Friday, May 9, 2008

A Burning Desire to Create



It just so happens that every once in a while I find myself amidst the delusion of having a somewhat normal life, but it's days such as today that I am forced to realize that I will never be one with the masses. I could never be content spending a life in a cubicle or chained to a desk without knowing that I made an impact. I can only describe this wonderlust as a burning desire to create something. My life feels somewhat out of place. I sometimes feel like an artist who was mistakenly born as a construction worker. The son of a plumber, I am neither artist nor pipe fixer extraordinaire. I am a jack of all trades, with passable performances at everything I choose to do, yet I am a master of nothing.
I love to listen to music with the volume turned up high to drown out the melancholy and mundane thoughts that swirl around in my head. I sometimes chase them off with alcohol when they become too much and the static is all I can hear or feel. This is a level of honesty that some may not be comfortable with. I am comfortable with that. Is it a weakness? Not now, not yet. I don't drink regularly enough, I don't even keep the pantry well stocked with booze. Sometimes it's months upon months before a bottle shows up. I don't drink beer. I think it tastes the way sweaty feet smell.
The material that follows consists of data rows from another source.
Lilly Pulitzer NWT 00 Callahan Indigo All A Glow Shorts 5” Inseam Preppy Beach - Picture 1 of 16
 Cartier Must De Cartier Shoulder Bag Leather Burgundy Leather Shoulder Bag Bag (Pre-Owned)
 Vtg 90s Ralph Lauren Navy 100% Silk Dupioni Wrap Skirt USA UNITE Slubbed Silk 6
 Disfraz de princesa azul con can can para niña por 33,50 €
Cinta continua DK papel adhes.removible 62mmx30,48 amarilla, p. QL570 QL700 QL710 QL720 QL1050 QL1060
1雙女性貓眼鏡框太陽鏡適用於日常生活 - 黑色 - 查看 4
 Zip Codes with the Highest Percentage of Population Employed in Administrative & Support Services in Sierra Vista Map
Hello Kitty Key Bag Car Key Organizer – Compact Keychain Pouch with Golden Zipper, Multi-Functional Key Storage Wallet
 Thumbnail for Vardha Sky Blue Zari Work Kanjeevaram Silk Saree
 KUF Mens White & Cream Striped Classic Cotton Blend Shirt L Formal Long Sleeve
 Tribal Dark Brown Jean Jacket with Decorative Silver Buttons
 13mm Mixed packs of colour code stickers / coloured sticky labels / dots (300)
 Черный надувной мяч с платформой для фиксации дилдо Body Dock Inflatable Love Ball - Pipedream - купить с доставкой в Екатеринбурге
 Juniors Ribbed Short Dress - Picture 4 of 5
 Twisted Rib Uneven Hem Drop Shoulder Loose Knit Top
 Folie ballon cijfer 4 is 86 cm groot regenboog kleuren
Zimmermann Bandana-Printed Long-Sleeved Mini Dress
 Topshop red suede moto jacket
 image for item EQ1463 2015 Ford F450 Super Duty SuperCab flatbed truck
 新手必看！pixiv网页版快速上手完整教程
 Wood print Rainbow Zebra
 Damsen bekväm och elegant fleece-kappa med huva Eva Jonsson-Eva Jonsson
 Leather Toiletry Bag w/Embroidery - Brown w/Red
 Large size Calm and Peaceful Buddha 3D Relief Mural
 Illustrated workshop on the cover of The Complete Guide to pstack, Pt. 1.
Though, if you were to offer me one, I would drink socially with you and we would have a good time.
It's days such as today that find me longing for a group of artistic friends who share my desire to make short movies, who don't find the idea of walking down the street filming an impromptu musical ridiculous, who would enjoy creating music and putting together music videos that actually say something without saying anything at all.
I long to write, but I am afraid. I find all the minute errors and failings of the stories I read and I think to myself, "I can do better than this!" In all actuality, be it truth or fiction, I actually do think I could... if only I would. But I don't. Why do I hold myself to such high standards that I don't allow anything at all to come out? My last two victories were mind-boggling. They were such grand successes because... because they were. They didn't evaporate into the ether. In that alone, they were tremendous stepping stones on a path to realizing my dreams.
I'm foolish, I know. I have lived my life thus far with the idea in my head that I was different, that somehow I was bound for greatness. I have always felt that somewhere out there was a grand purpose for my life. Does everyone else feel the same way? Is it childish to think that I could have any more impact than anyone else?
Throughout history there have been men and women who were great, not for their moral fortitude or for their contributions to humanity, but merely because they aspired and their actions reflected their aspirations. Many of our stories depict the unwilling hero, the man or woman or girl or boy who have been thrust into an adventure that has taken hold and refuses to let them go. They can press on or they can forfeit, and who wants to read about people who forfeit? But our lives seldom throw such situations at us. When they do the adventures are never quite so grand. In fact, we may forfeit without ever knowing the true impact of our decisions.

Creative Writing Prompt:
None today. If you must, use the rhapsodic flailing of pent up creativity that emerged this afternoon as a doodle just above my right knee. I get the impression that no one actually uses these prompts anyway, but because they add something visual and interesting to the posts, they remain.